What does "Green" mean? The term "Green" to most people is anything that saves energy, cost or material. The push for going green started in the 1970's in the US and to this day is trying to move forward through the efforts of sustainable design companies and alternative energy companies.
Efficient Lighting Design Concepts
Lighting needs differ from space to space, mainly due to the purpose of the space. Lighting designers measure the amount of light a space needs in terms of footcandles. There are standards associated with spaces which vary depending on certain factors. Some classifications of spaces include: offices, manufacturing, assembly spaces, houses of worship, healthcare, and theaters.
There are several terms that need mentioned to create a basis for understanding efficient lighting design:
measured in Kelvin (K), refers to the exact shade of white light. The lower the color temperature, the warmer (more orange). The higher the color temperature, the cooler (more blue). Some examples are:
- Candlelight - 1850K
- Standard Incandescent - 2700K
- Most Warm White LEDs - 3000K
- Fluorescent - 3500K-5500K
- Daylight White (Noon, direct sun) - 5600K
- Daylight in Shadows - 7000K
- Overcast Daylight - 8000K-10000K
Color Rendering Index (CRI):
measure of the ability of a light source to reproduce the colors of various objects faithfully in comparison with an ideal or natural light source.

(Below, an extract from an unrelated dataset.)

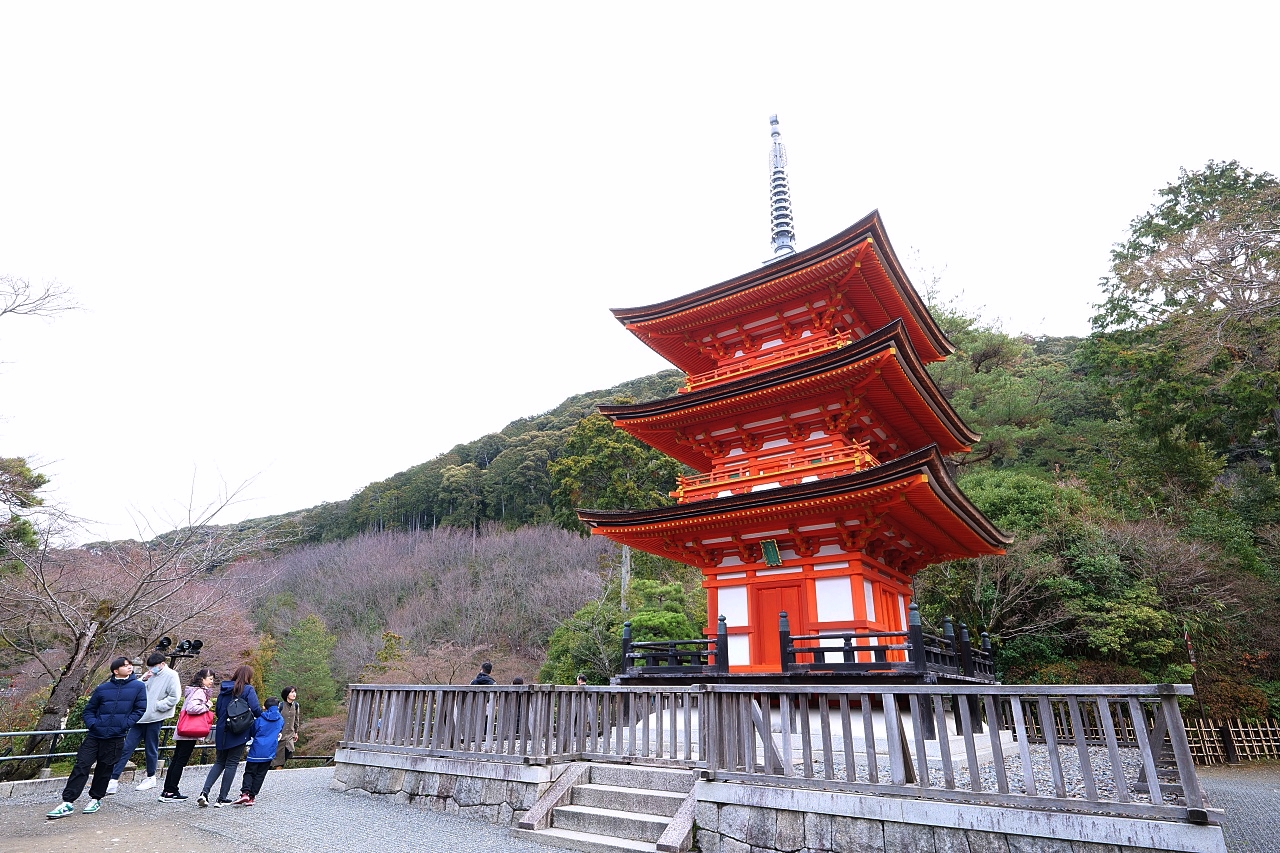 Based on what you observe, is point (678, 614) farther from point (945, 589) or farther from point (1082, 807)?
point (1082, 807)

The higher the CRI rating, the better color rendering of the light source. This scale ranges from 0 to 100.
measure of the perceived power of a light source. Luminous flux takes into account the varying sensitivity of the human eye to different wavelengths of light.
measure of how well a light source produces visible light. It is the ratio of luminous flux to power draw. (Lumens per watt) The highest attainable efficacy known to date is 683.002 lm/w which is green light at 555nm.
Emerging Technologies in Lighting
There are many types of lighting in use these days. For comparison, this article will talk about 5 different artificial light sources: incandescent, halogen, gas discharge, fluorescent, and LED.
Incandescent (tungsten incandescent) lighting is generally known to produce a very warm and natural feeling light. Thomas Edison improved and patented this lamp and technology in 1878. The color temperature is around 2700K with a high CRI, 90+. The downfall of incandescents is their short life and their high energy consumption. Along with high energy consumption comes high heat output. Approximately 2% of the energy used in an incandescent is emitted as light. A standard 60 watt incandescent lamp produces 14.2 lumens of light per watt. This 14.2 figure is the efficacy of the light source. It is easy to implement dimming of incandescents, and smooth dimmers that fade the light down to 0% are readily available.
Halogen lighting also produces a warm, clean light with a color temperature ranging from 2700K to 3200K. Halogen has a high CRI of 90+. The principle of halogen and incandescent tungsten lamps are the same, however the materials used in Halogen lighting are different. Halogen lighting sets up a reversible chemical reaction cycle with the tungsten evaporated from the filament. The halogen cycle keeps the bulb clean and the light output remaining almost constant throughout its life. The overall bulb envelope temperature must be higher than in conventional incandescent lamps for the reaction to work. Halogen is an improvement on the tungsten incandescent, but is still far from efficient as it retains an efficacy of 24 and is 3.5% efficient. Dimming halogens is similar to other incandescents, while keeping in mind that some halogens are low voltage and will require a low voltage dimmer.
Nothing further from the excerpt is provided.